Galovic’s second strand of practice is what he calls his ‘contemporary religious’ works. These paintings are strongly informed by the icon tradition but without adhering to all of its strict visual codes, allowing the artist to explore themes such as the Crucifixion more freely and to draw on wider influences including Paul Gauguin’s ‘The Yellow Christ’.
Galovic’s third strand of practice is his ‘contemporary non-religious works’ which embrace a range of mythological subjects and which arguably include his depicitions of Uluru in Central Australia, a subject which he began exploring around 16 years ago. Galovic’s Uluru-related works form a major component of this exhibition. They reveal the way in which his different strands may converge given Uluru’s sacred significance and his response to this, in some of the works, through the icon tradition.
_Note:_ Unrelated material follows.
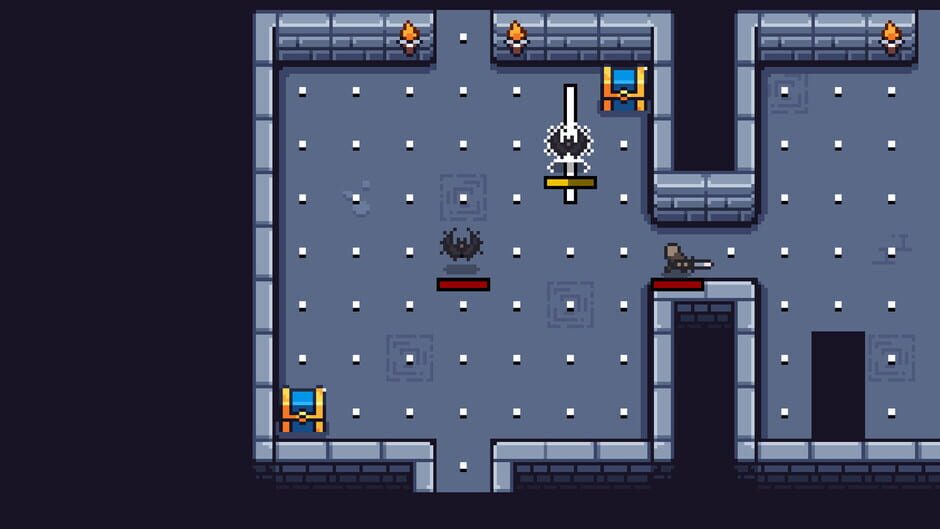 Micro Dungeon Screenshot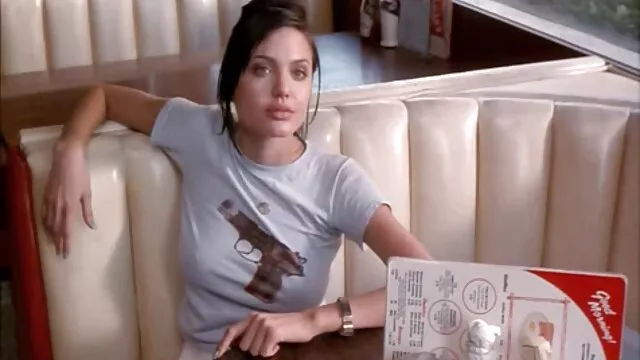 Morena culona Gracie Glam chupa y videos de sexo español folla apasionadamente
After extensive travels around the world, Galovic settled in Australia in 1990. His work as an icon painter appears in hundreds of churches and religious institutions throughout Australia and overseas. He has held solo exhibitions around the country and the world, and he is a four-time finalist in the annual Blake Prize for Religious Art. Of Beauty and Sadness is his first exhibition in Darwin.
Above quote from Dr Rod Pattenden, ‘Dark Light: The Art of Michael Galovic’, in The Son of Man: Traditional icons and contemporary religious artwork by Michael Galovic’, 2014, p. 4.